### Work task
The line containing "2017 Subaru Forester 2.5i" marks the end; return exactly every line from the start of the records up to and including it, but no pictures.

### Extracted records
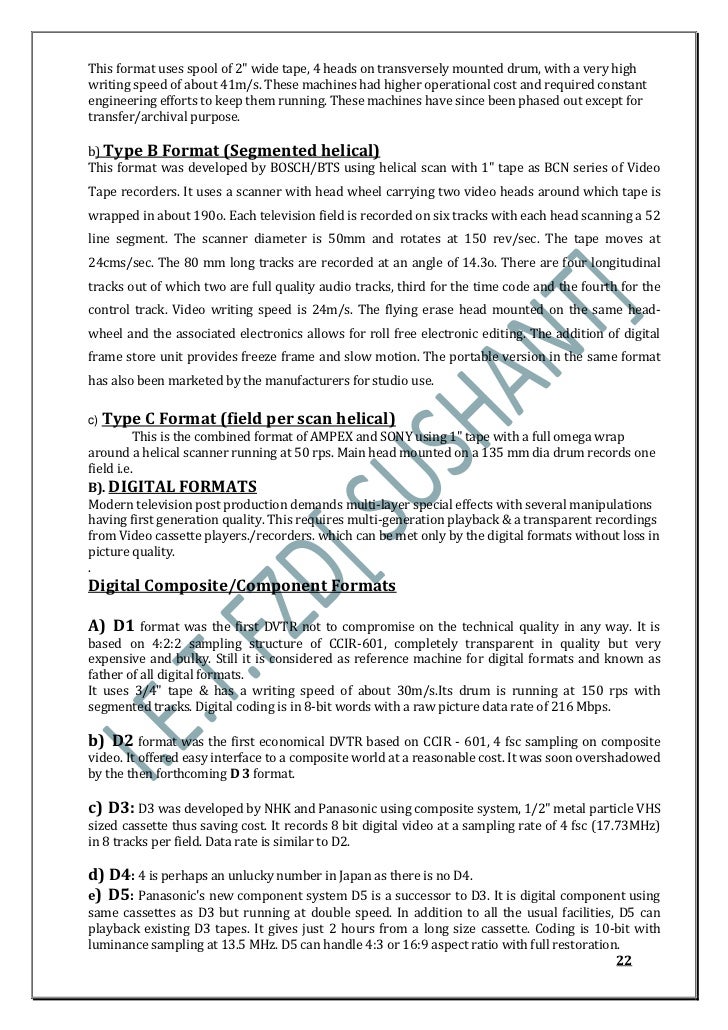 doordarshan summer training report ccir format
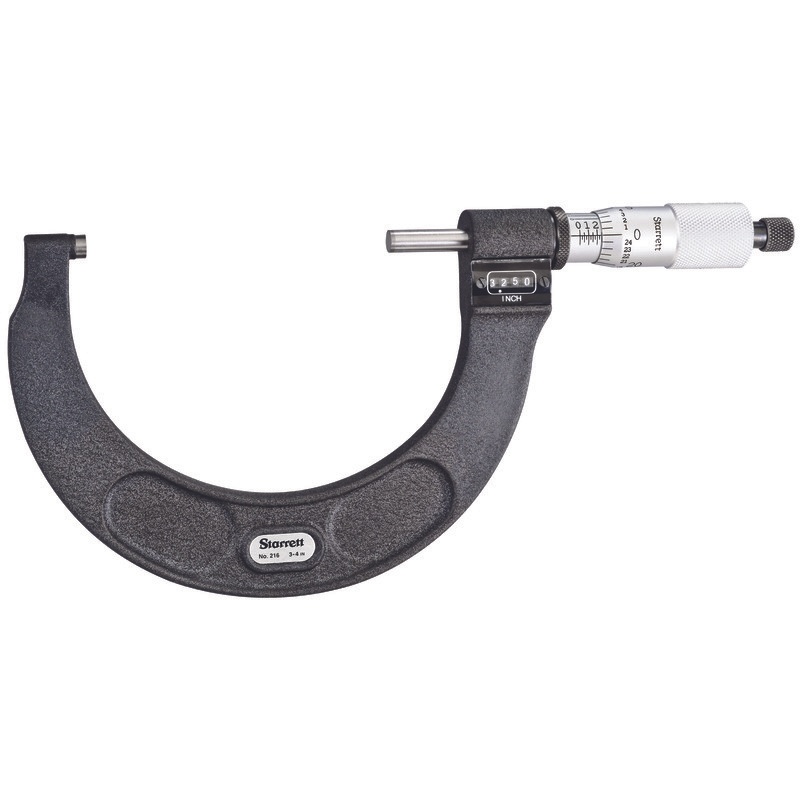 Picture of Mitutoyo 500-473 Mechanical Counter Outside Micrometer, Rachet Thimble, Carbide Anvil-Spindle, 3-4" Range, .0001"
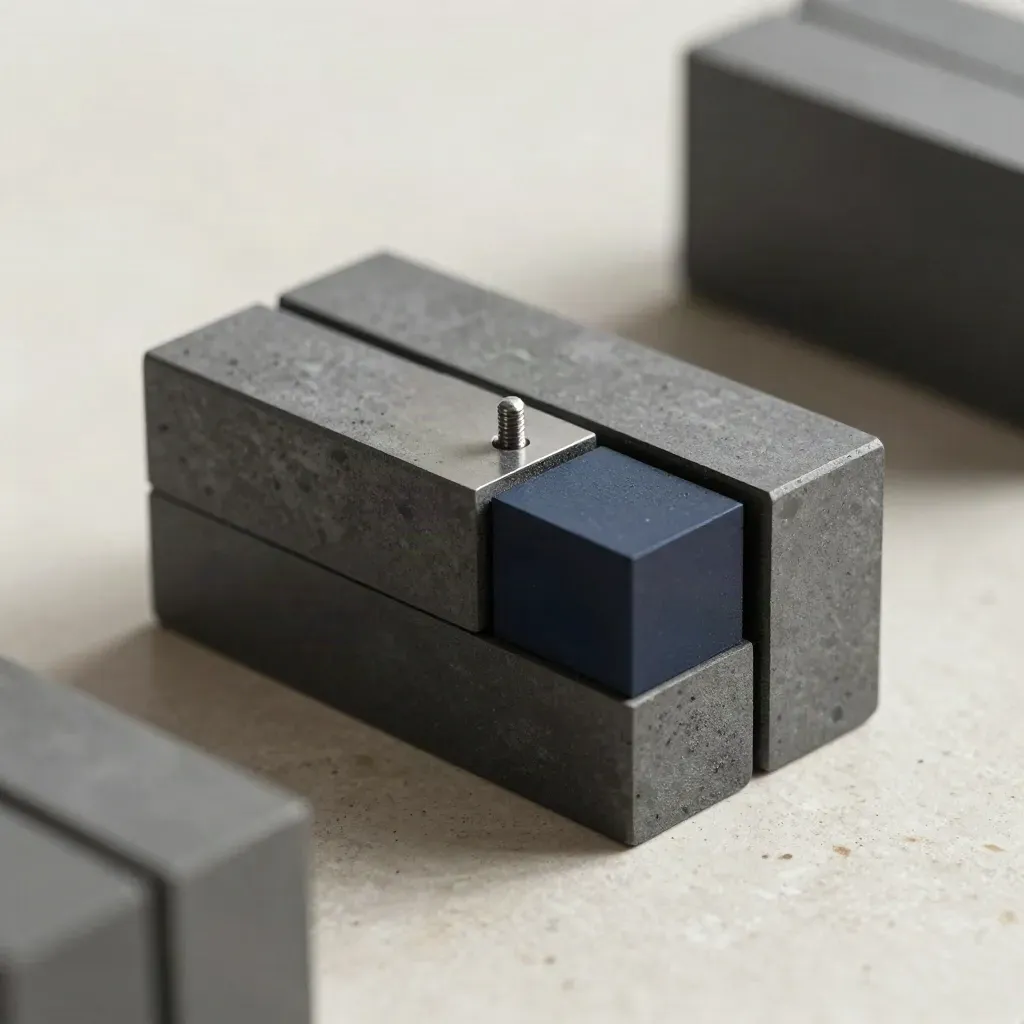 Graphite modular blocks joined by a steel pin on pale stone, lit from above with soft haze.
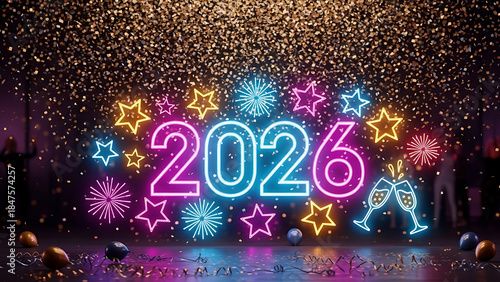 2026 New Year party background with neon lights and confetti
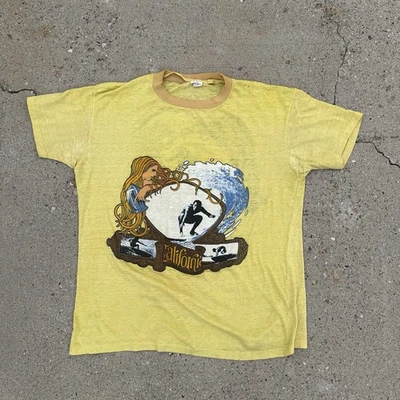 Винтажная футболка California Surfing Sears одинарный шов графический принт 70-е 80-е размер XL - Изображение 1 из 4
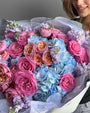 round-bouquet-aurora-designer-mix-fuchsia-coral-blue-flowers-all-me-flowers-brooklyn-nyc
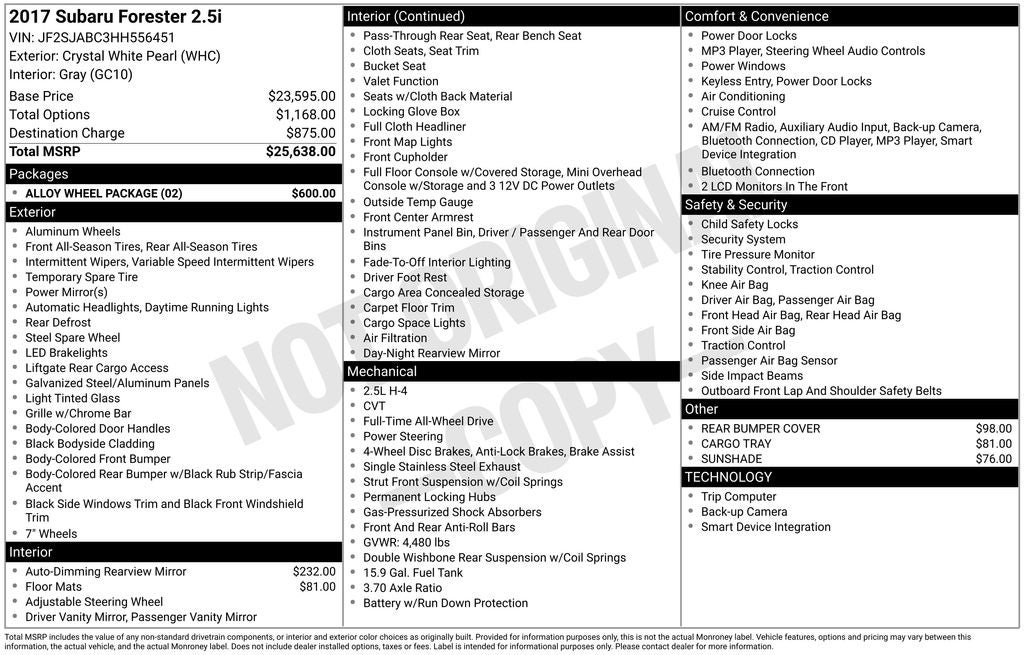 2017 Subaru Forester 2.5i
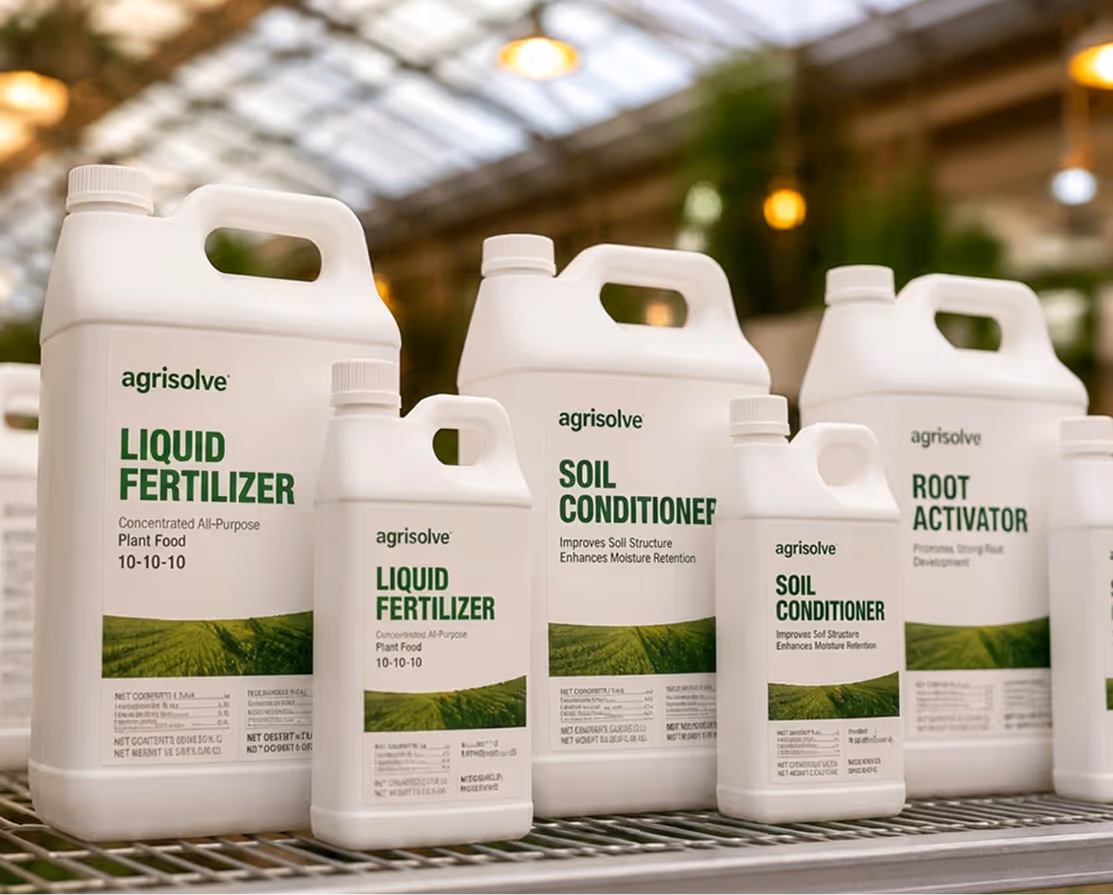 White Agrisolve containers of liquid fertilizer, soil conditioner, and root activator on a metal shelf.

### Answer box
 doordarshan summer training report ccir format
 Picture of Mitutoyo 500-473 Mechanical Counter Outside Micrometer, Rachet Thimble, Carbide Anvil-Spindle, 3-4" Range, .0001"
 Graphite modular blocks joined by a steel pin on pale stone, lit from above with soft haze.
 2026 New Year party background with neon lights and confetti
 Винтажная футболка California Surfing Sears одинарный шов графический принт 70-е 80-е размер XL - Изображение 1 из 4
 round-bouquet-aurora-designer-mix-fuchsia-coral-blue-flowers-all-me-flowers-brooklyn-nyc
 2017 Subaru Forester 2.5i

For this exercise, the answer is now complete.